# [Task to carry out]
Lines outside the range are not wanted. Give again exactly the lines between the line holding "Lindt Popcorn Milk" and the line holding "Mailboxes, both Modern", inclusive, from the listing below.

(Recorded data)

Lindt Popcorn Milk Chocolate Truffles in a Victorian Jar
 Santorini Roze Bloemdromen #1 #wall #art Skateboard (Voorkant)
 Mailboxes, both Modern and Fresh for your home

(End Recorded data)
(Recorded data)

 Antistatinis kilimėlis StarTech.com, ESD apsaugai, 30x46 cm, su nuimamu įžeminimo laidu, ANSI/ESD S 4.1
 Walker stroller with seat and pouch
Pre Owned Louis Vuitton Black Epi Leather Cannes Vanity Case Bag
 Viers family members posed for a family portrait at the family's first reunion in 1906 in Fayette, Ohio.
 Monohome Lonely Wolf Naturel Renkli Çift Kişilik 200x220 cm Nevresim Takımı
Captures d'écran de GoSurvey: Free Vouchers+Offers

(End Recorded data)

# [Expected output]
Lindt Popcorn Milk Chocolate Truffles in a Victorian Jar
 Santorini Roze Bloemdromen #1 #wall #art Skateboard (Voorkant)
 Mailboxes, both Modern and Fresh for your home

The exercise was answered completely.